In accordance with this decision, they returned to their new homes, resumed their habits of agriculture, and for a time all was quiet and peaceful; but their example was soon felt among the slaves of Arkansas, and of the surrounding Indian tribes. Nor is it to be supposed that the holders of slaves in any State of the Union, would be willing to admit that so large a body of servants could, by any effort, separate from their masters, for a century and a half maintain their liberty, and after so much effort to reënslave them, be permitted to enjoy liberty in peace.

Hundreds of them had been seized in Florida and enslaved.

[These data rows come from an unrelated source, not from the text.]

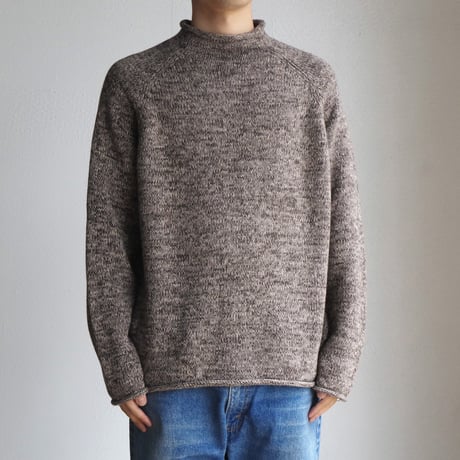 J.CREW”
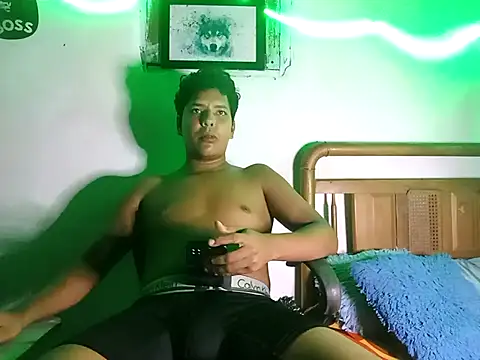 Snapshot of 628-andrew chatting on 10-21-25, 12:33 628-andrew online show from 10-21-25, 12:33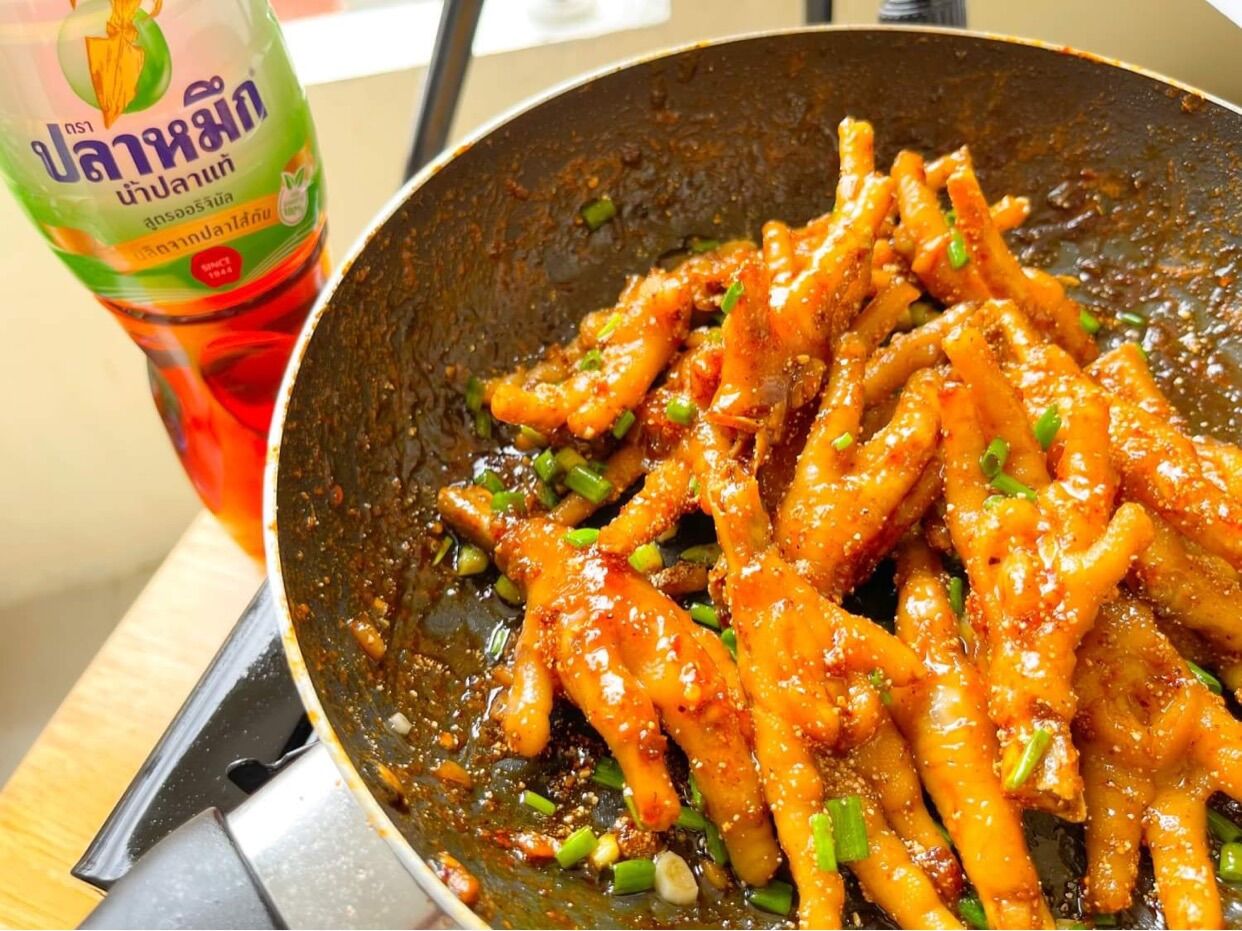 Nước mắm nhãn Cá Mực 700ml thái lan. Thơm ngon đâm đà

The laws of slave States presumed every black person to be a slave; and it was evident, that if they could once be subjected to the will of some white man, the laws of Arkansas would enable him to hold them in bondage.[133]

An individual, a slave-dealer, appeared among the Creeks and offered to pay them one hundred dollars for each Exile they would seize and deliver to him; he stipulating to take all risk of title.[134]

1849.

This temptation was too great for the integrity of the Creeks, who were smarting under their disappointment, and the defeat of their long cherished schemes, of reënslaving the Exiles. Some two hundred Creek warriors collected together, armed themselves, and, making a sudden descent upon the Exiles, seized such as they could lay their hands upon. The men and most of the women and children fled; but those who had arms collected, and presenting themselves between their brethren and the Creeks who were pursuing them, prepared to defend themselves and friends.[135] The Creeks, unwilling to encounter the danger which threatened them, ceased from further pursuit, but, turning back, dragged their frightened victims, who had been already captured, to the Creek villages, and delivered them over to the slave-dealer, who paid them the stipulated price.

1850.

The Seminole Agent, learning the outrage, at once repaired to the nearest Judge in Arkansas, and obtained a writ of habeas corpus. The Exiles were brought before him in obedience to the command of the writ, and a hearing was had. The Agent showed the action of General Jessup; the sanction of the capitulation of March, 1837, by the Executive; the opinion of the Attorney General, and action of the President, deciding the Exiles to be free, and in all respects entitled to their liberty. But the Judge decided that the Creeks had obtained title by virtue of their contract with General Jessup; that neither General Jessup, nor the President, had power to emancipate the Exiles, even in time of war; that the Attorney General had misunderstood the law; that the title of the Creek Indians was legal and perfect; and they, having sold them to the claimant, his title must be good and perfect.[136]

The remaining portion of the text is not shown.